- **EXERCISE DATA**:

---------------

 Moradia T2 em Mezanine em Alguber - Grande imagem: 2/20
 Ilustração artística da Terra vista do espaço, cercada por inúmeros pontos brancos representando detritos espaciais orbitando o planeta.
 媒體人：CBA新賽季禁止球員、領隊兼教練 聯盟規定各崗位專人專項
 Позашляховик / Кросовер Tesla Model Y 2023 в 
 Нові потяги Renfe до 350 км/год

---------------

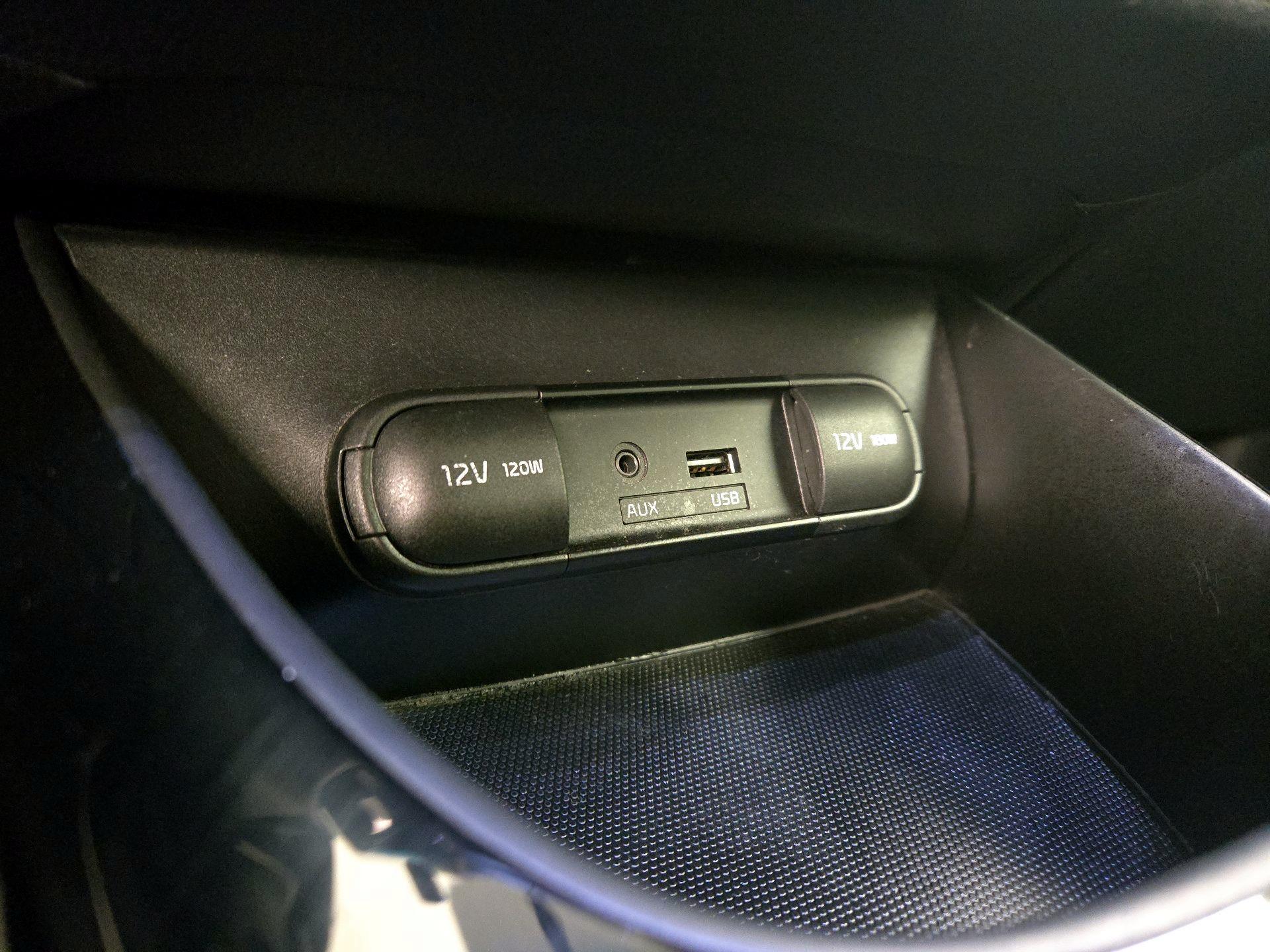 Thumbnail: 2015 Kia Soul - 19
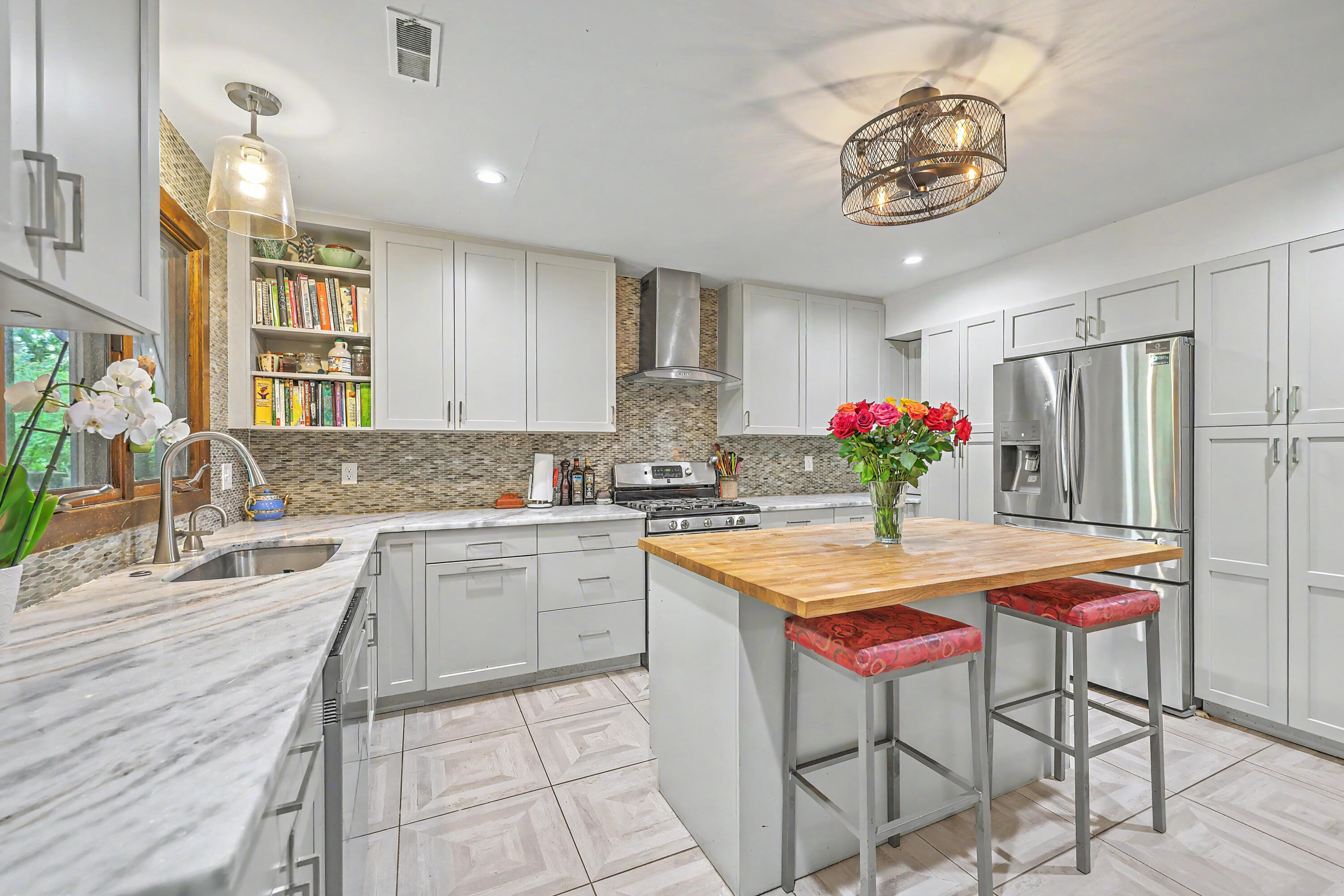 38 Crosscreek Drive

---------------

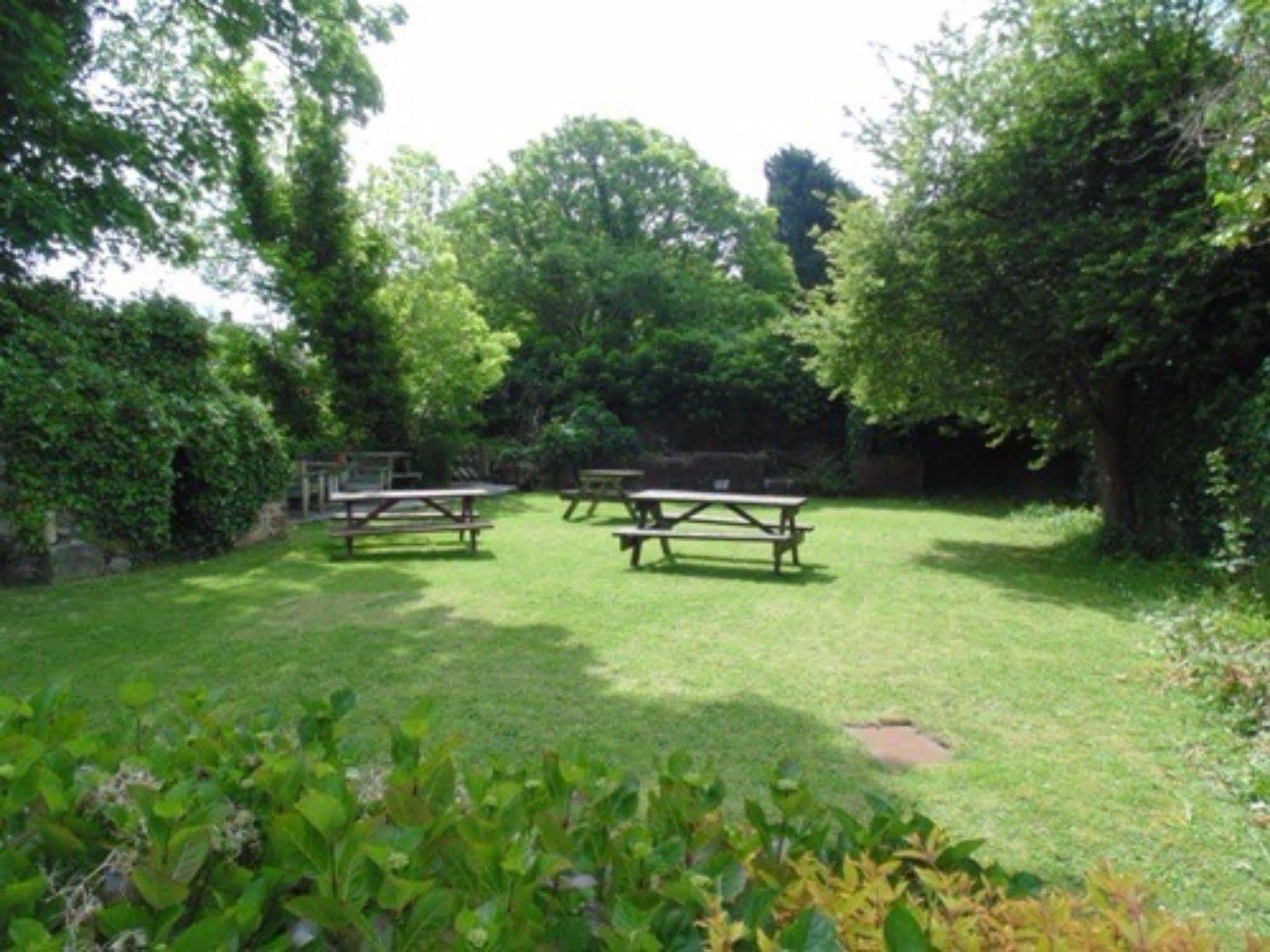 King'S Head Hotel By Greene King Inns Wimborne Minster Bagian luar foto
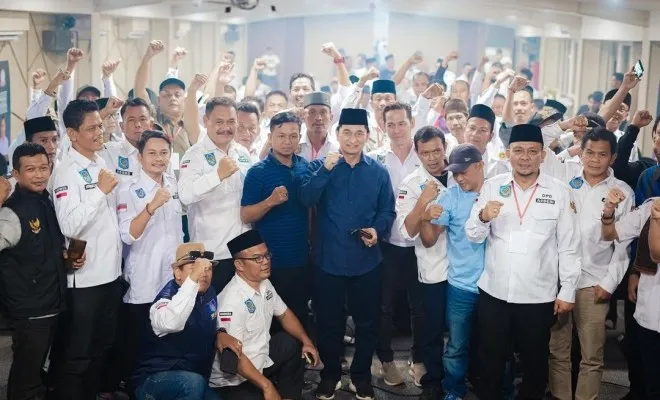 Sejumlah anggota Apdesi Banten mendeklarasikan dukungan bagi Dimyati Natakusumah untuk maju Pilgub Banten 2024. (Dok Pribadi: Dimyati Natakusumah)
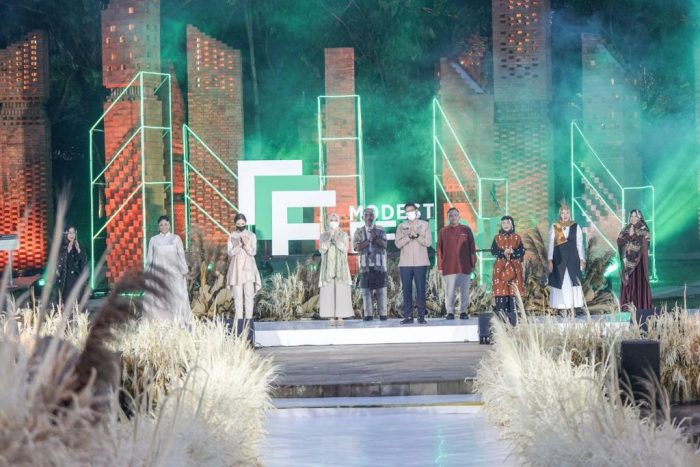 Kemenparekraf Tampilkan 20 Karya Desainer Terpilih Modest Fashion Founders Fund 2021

---------------

- **TASK OBJECTIVE**: Retype only the lines above between the line with "Moradia T2 em" and the line with "Нові потяги Renfe до 350 км/год", counting those two lines as well, and keep every character as it is.

- **RESPONSE TO THIS TASK**:
 Moradia T2 em Mezanine em Alguber - Grande imagem: 2/20
 Ilustração artística da Terra vista do espaço, cercada por inúmeros pontos brancos representando detritos espaciais orbitando o planeta.
 媒體人：CBA新賽季禁止球員、領隊兼教練 聯盟規定各崗位專人專項
 Позашляховик / Кросовер Tesla Model Y 2023 в 
 Нові потяги Renfe до 350 км/год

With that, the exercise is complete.